Task prompt:
The answer is the exact text of every line from the one that contains "캐주얼 여성 여름 슬리퍼 스마일 귀여운 신발 외출" to the final line of the entries below, with pictures left out.

Records supplied:
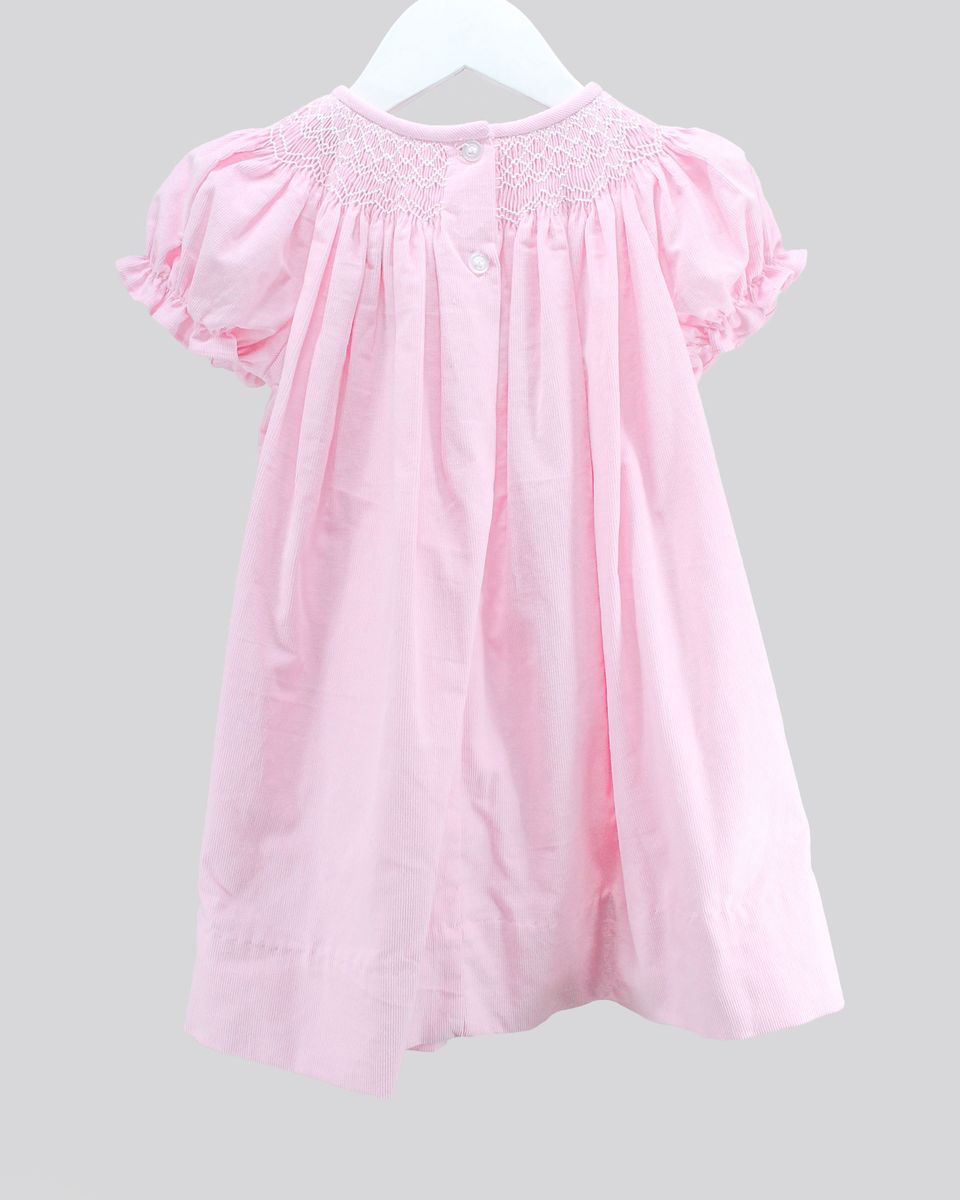 Baby Blessings Pink Geometric Lucy Dress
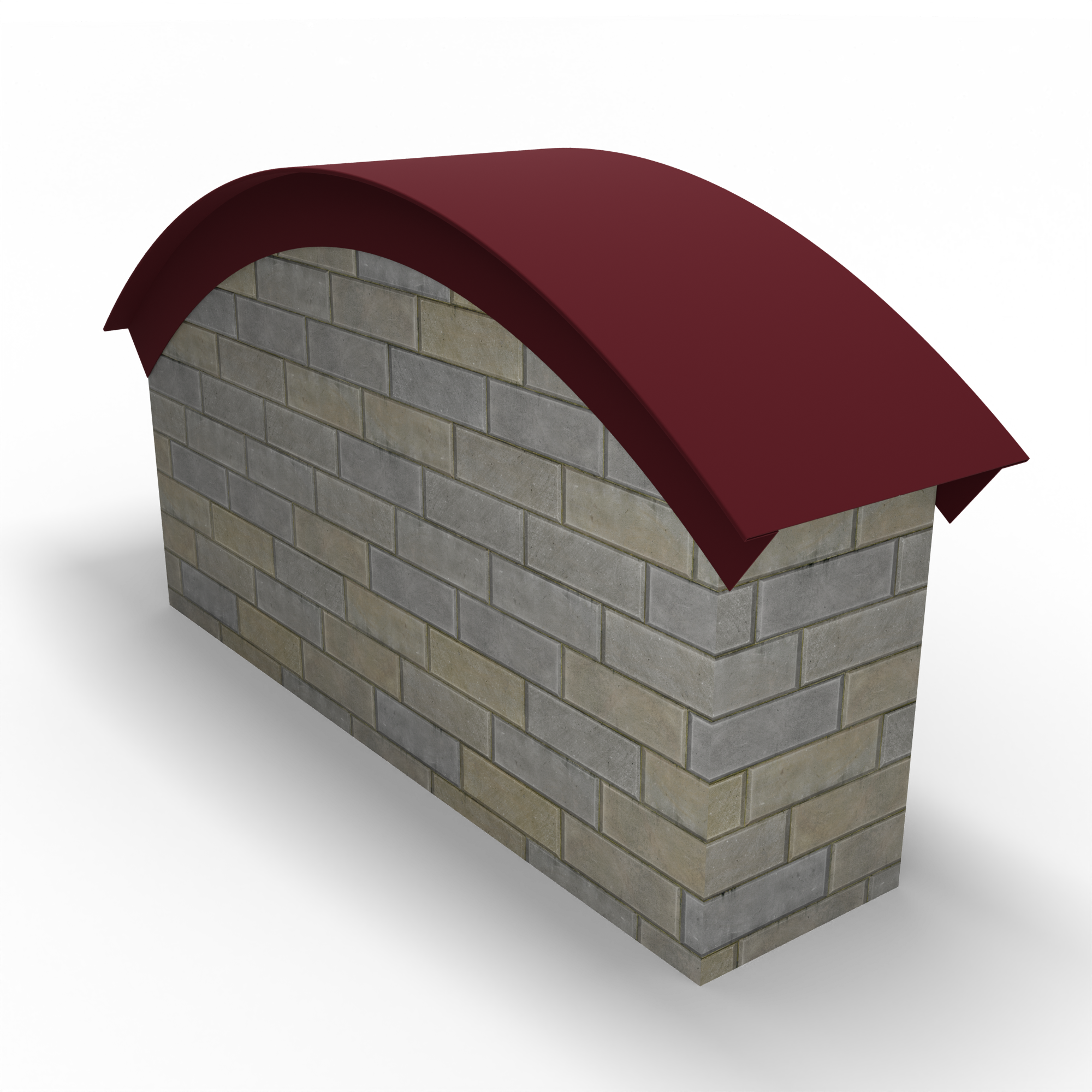 Парапет радиусный 1 мм (RAL 3005) полиэстер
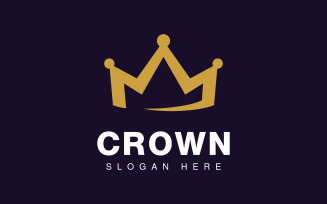 Crown Logo Royal King Queen vector symbol design, 7
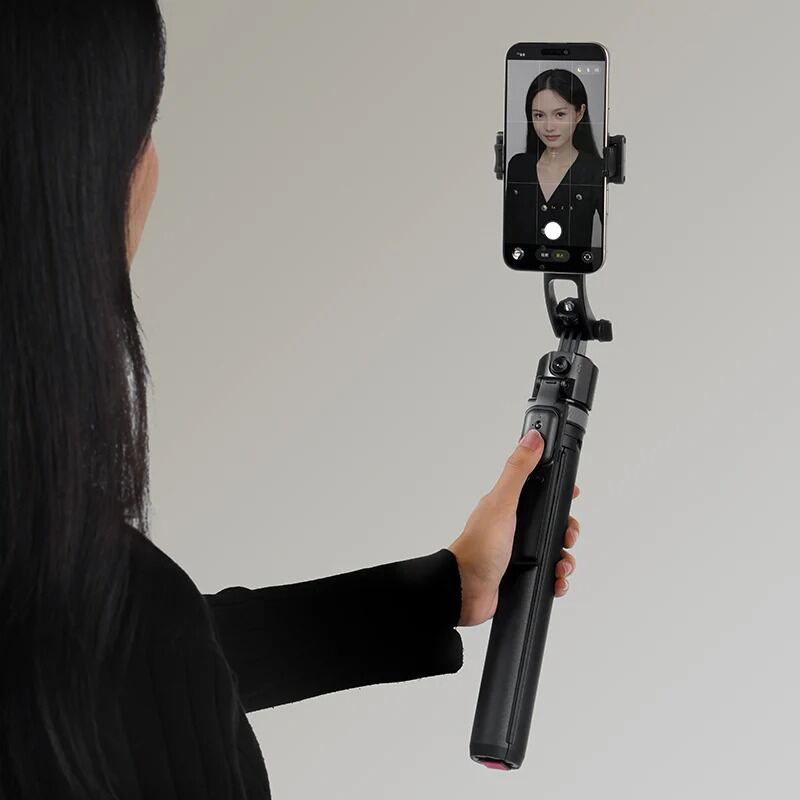 Picture of ULANZI TT23 64" Auto Face Tracking Tripod for iPhone/Android with Remote, 360°Rotating Selfie Stick Black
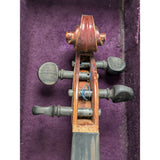 Antique AS 1/2 Czechoslovakia Violin Tiger Flame Maple Antonius Stradivarius Cremonensis anno 1722 Bow Case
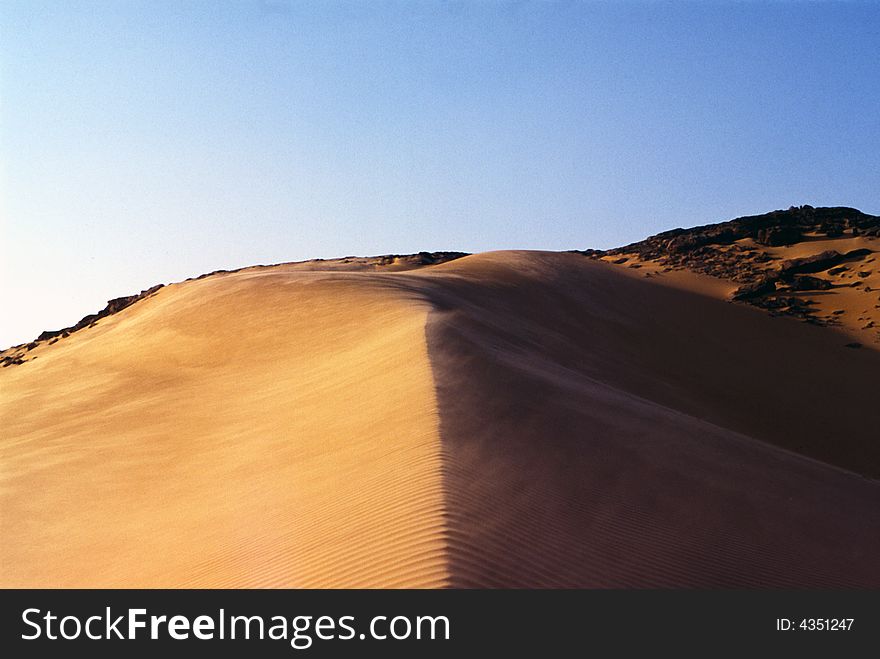 Dunes of the desert in egypt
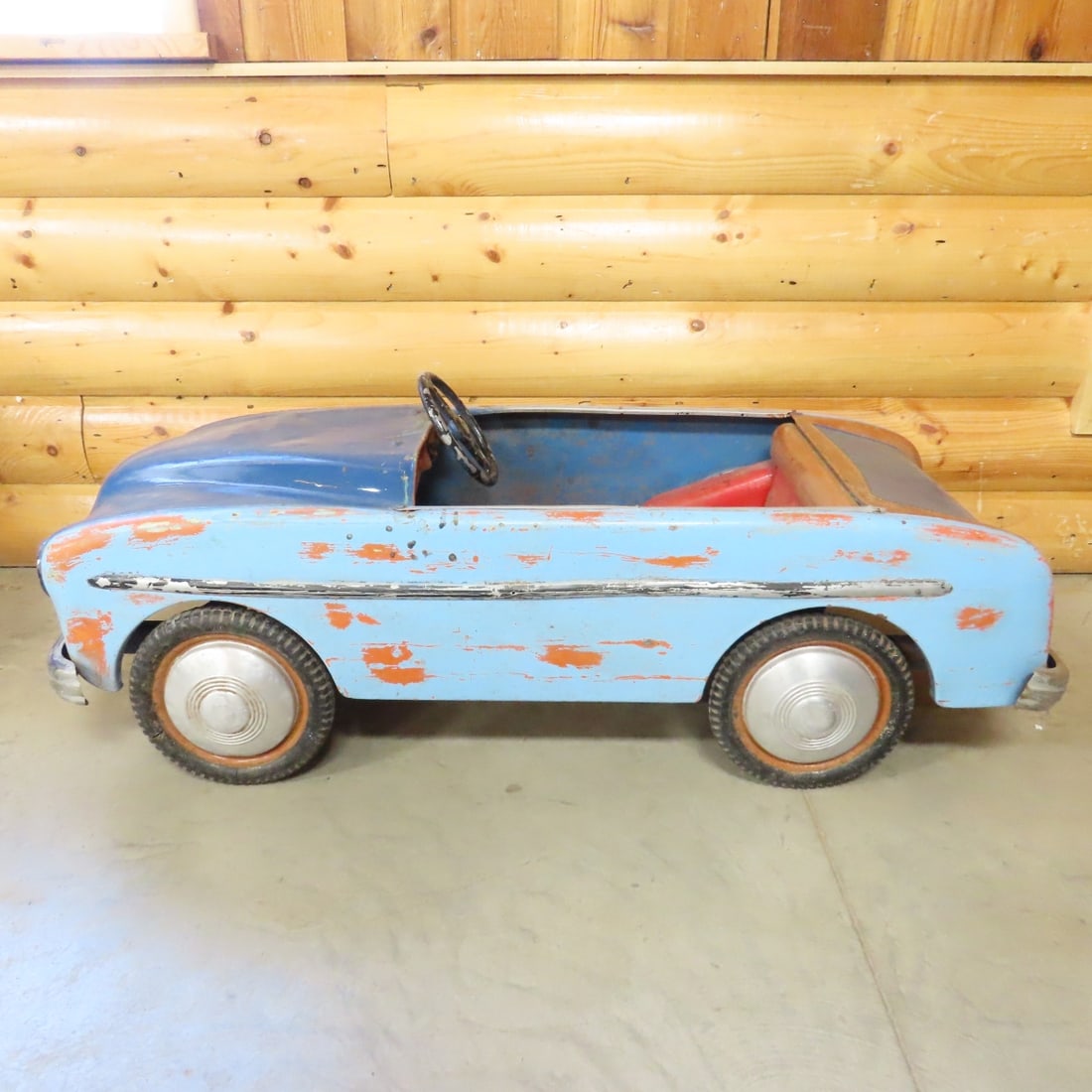 Vintage Children's Steel Pedal Car - 3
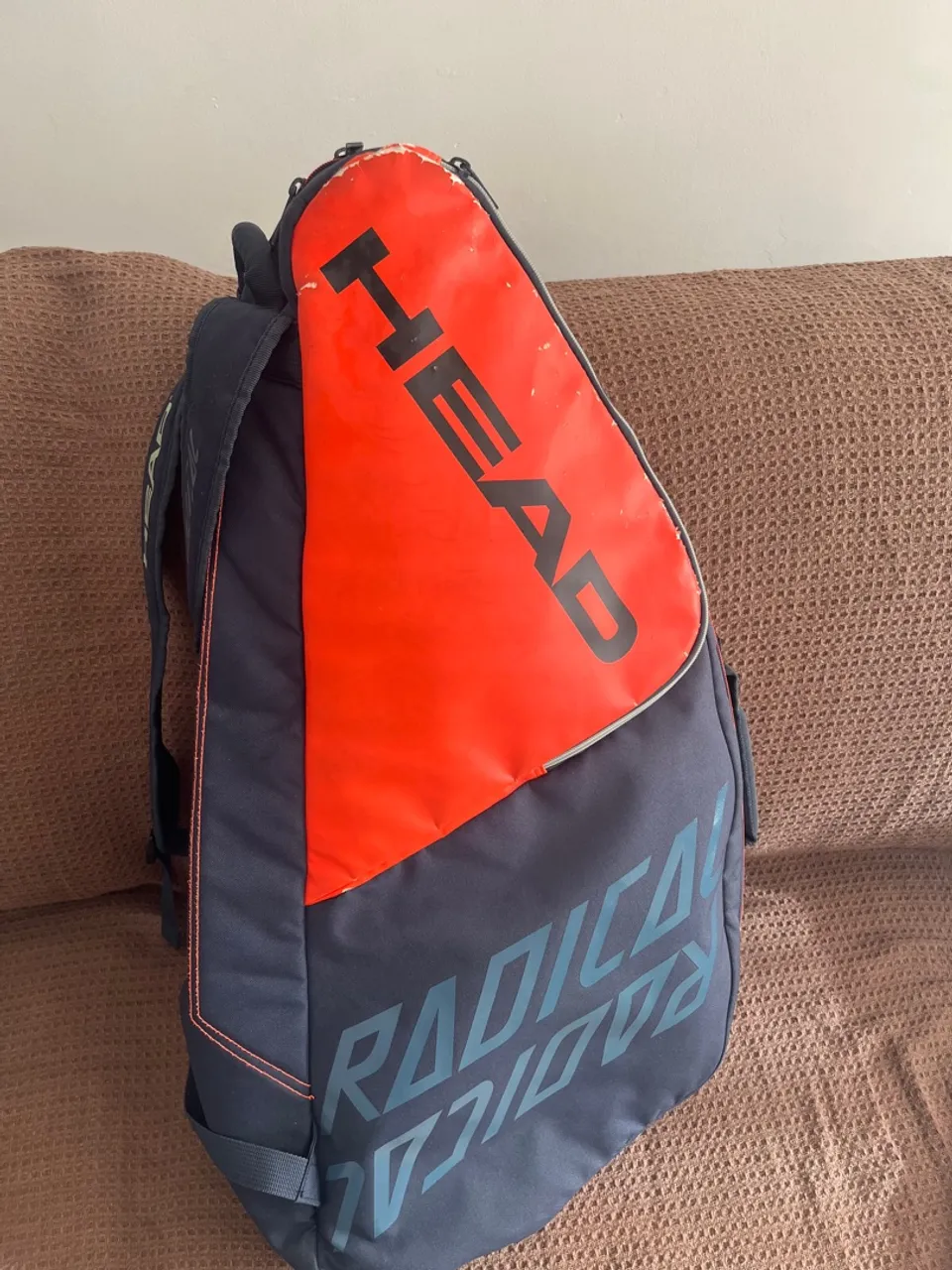 Raqueteira Head Radical Combi 6R Marinho e Laranja
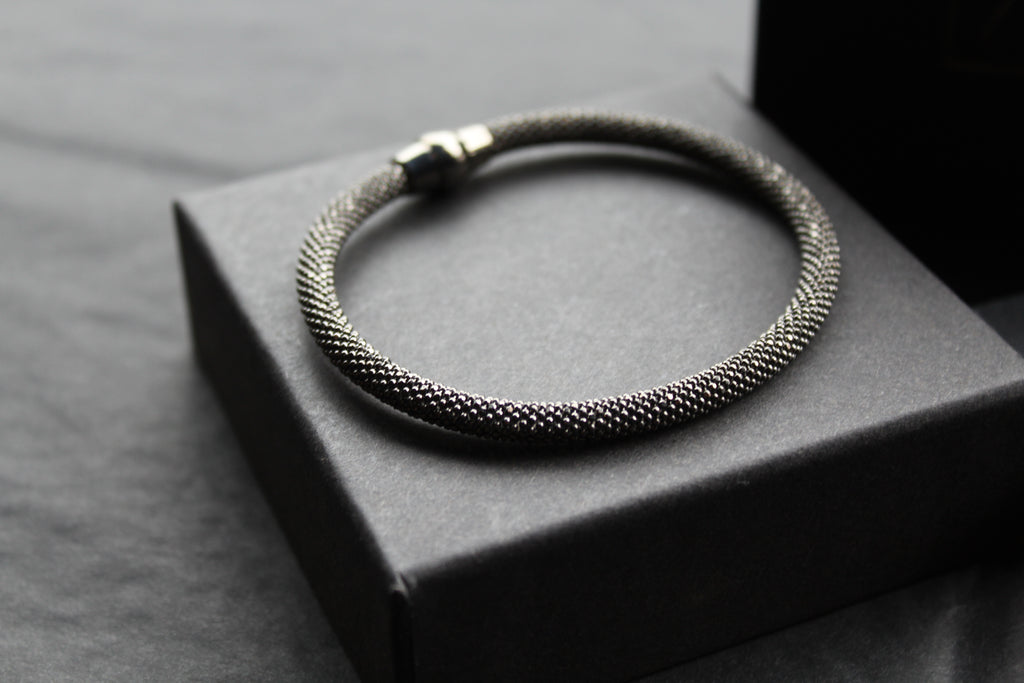 Ruthenium Popcorn Bracelet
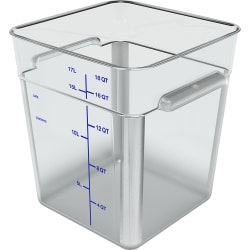 Carlisle 18 qt Square Food Storage Container - Clear (1195507) Replacement Image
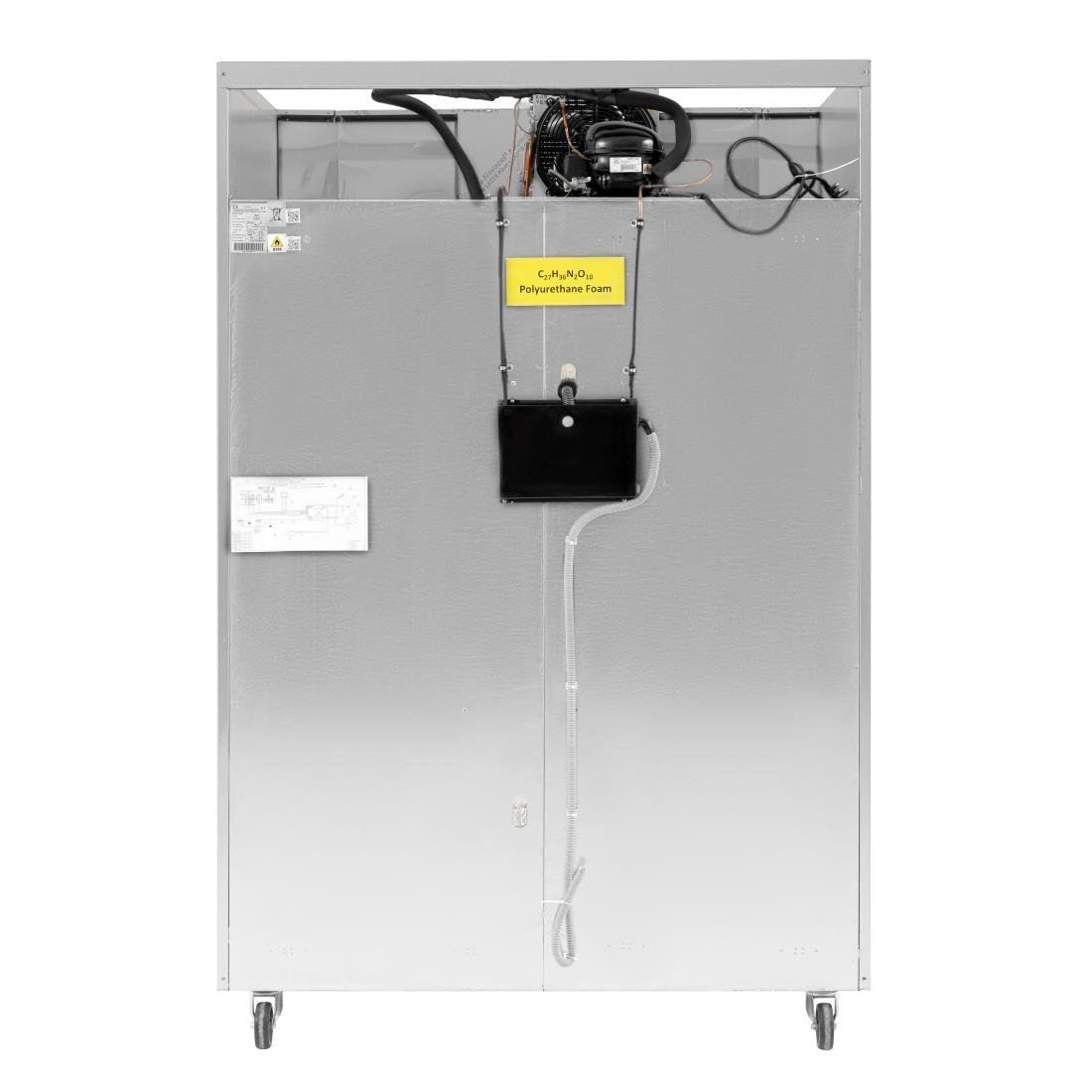 Polar U-Serie Energieeffizienter Doppeltür-Gefrierschrank 1400Ltr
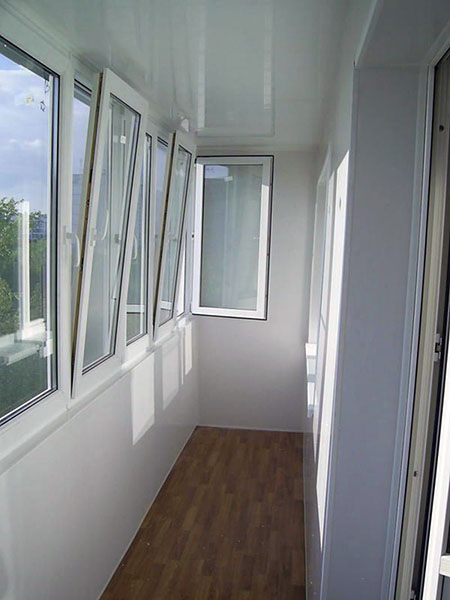 Тёплое и холодное распашное остекление балконов алюминиевым профилем Фрязино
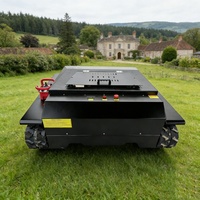 Penjualan Langsung Pabrik 24V DIY Mesin Pemotong Rumput 4-Tak Kelas Industri, Robot Penyiang Gulma Gaya Tank Jalan Raya dengan Remote Control
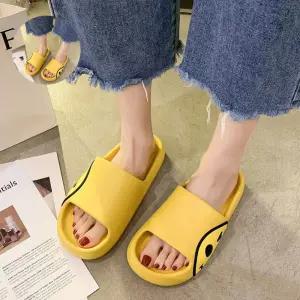 캐주얼 여성 여름 슬리퍼 스마일 귀여운 신발 외출
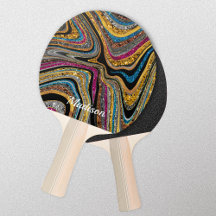 スパークルグリッターガーリー大理石アートグレーピンポンパ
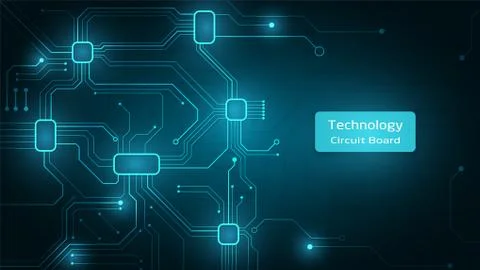 Circuit technology background Stock Illustration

Task response:
 캐주얼 여성 여름 슬리퍼 스마일 귀여운 신발 외출
 スパークルグリッターガーリー大理石アートグレーピンポンパ
 Circuit technology background Stock Illustration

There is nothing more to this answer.